What the task asks.
Your job with the data below is to output exactly the lines from the one holding "Solace Scattered Leaves Blue/Copper" down to the one holding "Vintage White Rib Wide Leg Pants Durable Fit", both included, and no others.

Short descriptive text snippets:
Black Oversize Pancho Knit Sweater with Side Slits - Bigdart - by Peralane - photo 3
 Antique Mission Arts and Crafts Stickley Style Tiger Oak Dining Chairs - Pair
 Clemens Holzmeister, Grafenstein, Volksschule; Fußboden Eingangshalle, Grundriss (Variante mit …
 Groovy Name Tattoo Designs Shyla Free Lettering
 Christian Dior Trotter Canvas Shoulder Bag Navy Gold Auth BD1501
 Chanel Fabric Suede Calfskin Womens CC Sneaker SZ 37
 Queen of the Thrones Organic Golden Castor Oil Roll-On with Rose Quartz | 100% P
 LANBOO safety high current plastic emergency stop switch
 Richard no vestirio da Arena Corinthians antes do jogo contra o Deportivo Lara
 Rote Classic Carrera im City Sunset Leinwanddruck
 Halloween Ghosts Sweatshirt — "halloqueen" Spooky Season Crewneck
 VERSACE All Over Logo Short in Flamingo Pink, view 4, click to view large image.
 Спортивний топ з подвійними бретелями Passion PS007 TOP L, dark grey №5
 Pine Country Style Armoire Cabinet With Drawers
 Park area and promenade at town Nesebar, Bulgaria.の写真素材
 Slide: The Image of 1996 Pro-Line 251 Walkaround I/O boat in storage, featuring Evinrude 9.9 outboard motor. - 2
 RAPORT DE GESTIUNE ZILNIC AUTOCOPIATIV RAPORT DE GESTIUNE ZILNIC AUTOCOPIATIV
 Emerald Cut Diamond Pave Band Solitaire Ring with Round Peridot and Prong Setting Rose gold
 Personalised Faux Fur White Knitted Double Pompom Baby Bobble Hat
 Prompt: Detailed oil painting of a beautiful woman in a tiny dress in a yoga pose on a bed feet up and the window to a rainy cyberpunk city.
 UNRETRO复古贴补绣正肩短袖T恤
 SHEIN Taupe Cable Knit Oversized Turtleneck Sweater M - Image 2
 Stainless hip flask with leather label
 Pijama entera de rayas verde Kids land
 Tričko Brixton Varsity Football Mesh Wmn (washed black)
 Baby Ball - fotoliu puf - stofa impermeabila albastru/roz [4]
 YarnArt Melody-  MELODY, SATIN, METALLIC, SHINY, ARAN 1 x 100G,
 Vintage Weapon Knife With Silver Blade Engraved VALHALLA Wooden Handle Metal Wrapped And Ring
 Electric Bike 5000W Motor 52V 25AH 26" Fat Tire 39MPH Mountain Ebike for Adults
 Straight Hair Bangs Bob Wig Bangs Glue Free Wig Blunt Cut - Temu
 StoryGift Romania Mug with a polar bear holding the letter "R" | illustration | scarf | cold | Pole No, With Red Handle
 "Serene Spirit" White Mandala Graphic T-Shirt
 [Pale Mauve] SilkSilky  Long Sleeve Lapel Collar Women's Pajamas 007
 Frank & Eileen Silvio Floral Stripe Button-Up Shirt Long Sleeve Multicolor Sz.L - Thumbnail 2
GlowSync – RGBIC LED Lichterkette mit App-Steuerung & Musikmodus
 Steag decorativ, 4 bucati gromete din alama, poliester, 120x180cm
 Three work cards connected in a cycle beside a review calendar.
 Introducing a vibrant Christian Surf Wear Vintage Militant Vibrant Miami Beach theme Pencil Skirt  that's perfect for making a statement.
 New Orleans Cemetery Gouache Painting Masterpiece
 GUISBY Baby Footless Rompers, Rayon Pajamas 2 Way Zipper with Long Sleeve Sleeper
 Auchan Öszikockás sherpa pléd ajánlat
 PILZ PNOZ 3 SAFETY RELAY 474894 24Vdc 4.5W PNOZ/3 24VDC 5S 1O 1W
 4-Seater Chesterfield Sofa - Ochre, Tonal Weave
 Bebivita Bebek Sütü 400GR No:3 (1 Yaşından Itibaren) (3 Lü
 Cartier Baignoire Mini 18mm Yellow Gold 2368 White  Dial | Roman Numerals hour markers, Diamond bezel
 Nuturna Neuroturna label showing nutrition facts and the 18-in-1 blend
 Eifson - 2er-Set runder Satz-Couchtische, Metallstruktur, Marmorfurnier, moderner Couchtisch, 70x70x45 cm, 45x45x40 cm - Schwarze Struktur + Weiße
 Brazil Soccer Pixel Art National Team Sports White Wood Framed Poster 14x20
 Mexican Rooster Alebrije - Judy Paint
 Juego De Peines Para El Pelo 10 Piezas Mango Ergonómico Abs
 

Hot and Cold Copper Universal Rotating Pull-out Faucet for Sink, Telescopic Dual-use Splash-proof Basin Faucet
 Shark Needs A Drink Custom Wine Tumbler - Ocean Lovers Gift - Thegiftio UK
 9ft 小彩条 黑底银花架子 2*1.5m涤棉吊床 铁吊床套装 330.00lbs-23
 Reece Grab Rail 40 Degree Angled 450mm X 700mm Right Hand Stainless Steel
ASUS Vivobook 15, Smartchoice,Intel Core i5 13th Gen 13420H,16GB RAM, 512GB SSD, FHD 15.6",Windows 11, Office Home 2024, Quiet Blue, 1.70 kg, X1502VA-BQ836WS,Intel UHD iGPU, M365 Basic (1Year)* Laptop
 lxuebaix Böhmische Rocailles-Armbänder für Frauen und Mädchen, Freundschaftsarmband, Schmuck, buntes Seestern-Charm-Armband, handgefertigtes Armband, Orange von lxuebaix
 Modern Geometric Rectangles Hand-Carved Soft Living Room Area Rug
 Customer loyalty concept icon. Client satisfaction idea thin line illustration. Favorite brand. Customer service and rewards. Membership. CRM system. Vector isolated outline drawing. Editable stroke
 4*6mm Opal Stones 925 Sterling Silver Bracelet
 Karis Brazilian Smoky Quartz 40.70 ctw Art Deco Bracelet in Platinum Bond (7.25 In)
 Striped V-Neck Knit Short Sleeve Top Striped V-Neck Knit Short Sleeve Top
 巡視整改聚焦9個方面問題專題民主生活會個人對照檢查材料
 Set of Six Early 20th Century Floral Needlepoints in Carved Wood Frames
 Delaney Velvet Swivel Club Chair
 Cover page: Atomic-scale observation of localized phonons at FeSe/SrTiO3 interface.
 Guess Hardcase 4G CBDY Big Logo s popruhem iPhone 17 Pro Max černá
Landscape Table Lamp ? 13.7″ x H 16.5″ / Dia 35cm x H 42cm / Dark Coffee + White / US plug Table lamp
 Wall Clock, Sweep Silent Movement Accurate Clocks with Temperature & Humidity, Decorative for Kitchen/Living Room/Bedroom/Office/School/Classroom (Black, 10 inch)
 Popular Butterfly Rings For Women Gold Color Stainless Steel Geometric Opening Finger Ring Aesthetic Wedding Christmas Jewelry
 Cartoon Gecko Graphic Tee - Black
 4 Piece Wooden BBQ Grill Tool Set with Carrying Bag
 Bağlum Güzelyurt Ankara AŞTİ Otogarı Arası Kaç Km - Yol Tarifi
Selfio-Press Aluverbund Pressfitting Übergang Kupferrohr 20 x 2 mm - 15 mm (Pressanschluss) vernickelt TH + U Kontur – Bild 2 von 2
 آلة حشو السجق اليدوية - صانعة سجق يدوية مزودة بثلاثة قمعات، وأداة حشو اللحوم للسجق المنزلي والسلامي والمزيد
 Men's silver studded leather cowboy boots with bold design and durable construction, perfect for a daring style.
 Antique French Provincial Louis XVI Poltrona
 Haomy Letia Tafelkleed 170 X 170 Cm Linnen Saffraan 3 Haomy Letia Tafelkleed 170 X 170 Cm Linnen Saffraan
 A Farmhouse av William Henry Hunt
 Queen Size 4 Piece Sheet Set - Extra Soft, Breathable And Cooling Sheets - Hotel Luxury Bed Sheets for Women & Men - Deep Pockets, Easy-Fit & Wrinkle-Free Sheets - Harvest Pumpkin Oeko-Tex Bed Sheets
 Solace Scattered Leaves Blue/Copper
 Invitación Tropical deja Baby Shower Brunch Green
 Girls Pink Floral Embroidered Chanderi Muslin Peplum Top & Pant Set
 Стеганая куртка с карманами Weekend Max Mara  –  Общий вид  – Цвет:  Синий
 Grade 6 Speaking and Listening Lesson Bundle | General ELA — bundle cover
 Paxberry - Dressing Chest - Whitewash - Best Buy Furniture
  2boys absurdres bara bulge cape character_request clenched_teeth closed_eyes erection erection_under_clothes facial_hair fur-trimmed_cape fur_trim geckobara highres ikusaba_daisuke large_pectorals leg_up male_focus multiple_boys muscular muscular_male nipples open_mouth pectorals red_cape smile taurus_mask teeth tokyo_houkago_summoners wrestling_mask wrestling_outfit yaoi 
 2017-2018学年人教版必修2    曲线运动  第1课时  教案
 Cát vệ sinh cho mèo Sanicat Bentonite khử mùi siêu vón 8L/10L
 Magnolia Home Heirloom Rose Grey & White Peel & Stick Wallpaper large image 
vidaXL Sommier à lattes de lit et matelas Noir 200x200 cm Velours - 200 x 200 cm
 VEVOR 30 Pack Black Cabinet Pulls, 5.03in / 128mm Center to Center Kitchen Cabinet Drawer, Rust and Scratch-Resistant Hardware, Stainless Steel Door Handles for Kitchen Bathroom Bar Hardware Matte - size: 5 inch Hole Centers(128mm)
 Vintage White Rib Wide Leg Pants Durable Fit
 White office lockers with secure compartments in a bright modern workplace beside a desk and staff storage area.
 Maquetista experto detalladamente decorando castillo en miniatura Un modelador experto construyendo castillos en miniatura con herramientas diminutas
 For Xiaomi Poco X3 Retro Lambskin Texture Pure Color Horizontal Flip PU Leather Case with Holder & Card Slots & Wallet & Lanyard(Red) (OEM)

Reply.
 Solace Scattered Leaves Blue/Copper
 Invitación Tropical deja Baby Shower Brunch Green
 Girls Pink Floral Embroidered Chanderi Muslin Peplum Top & Pant Set
 Стеганая куртка с карманами Weekend Max Mara  –  Общий вид  – Цвет:  Синий
 Grade 6 Speaking and Listening Lesson Bundle | General ELA — bundle cover
 Paxberry - Dressing Chest - Whitewash - Best Buy Furniture
  2boys absurdres bara bulge cape character_request clenched_teeth closed_eyes erection erection_under_clothes facial_hair fur-trimmed_cape fur_trim geckobara highres ikusaba_daisuke large_pectorals leg_up male_focus multiple_boys muscular muscular_male nipples open_mouth pectorals red_cape smile taurus_mask teeth tokyo_houkago_summoners wrestling_mask wrestling_outfit yaoi 
 2017-2018学年人教版必修2    曲线运动  第1课时  教案
 Cát vệ sinh cho mèo Sanicat Bentonite khử mùi siêu vón 8L/10L
 Magnolia Home Heirloom Rose Grey & White Peel & Stick Wallpaper large image 
vidaXL Sommier à lattes de lit et matelas Noir 200x200 cm Velours - 200 x 200 cm
 VEVOR 30 Pack Black Cabinet Pulls, 5.03in / 128mm Center to Center Kitchen Cabinet Drawer, Rust and Scratch-Resistant Hardware, Stainless Steel Door Handles for Kitchen Bathroom Bar Hardware Matte - size: 5 inch Hole Centers(128mm)
 Vintage White Rib Wide Leg Pants Durable Fit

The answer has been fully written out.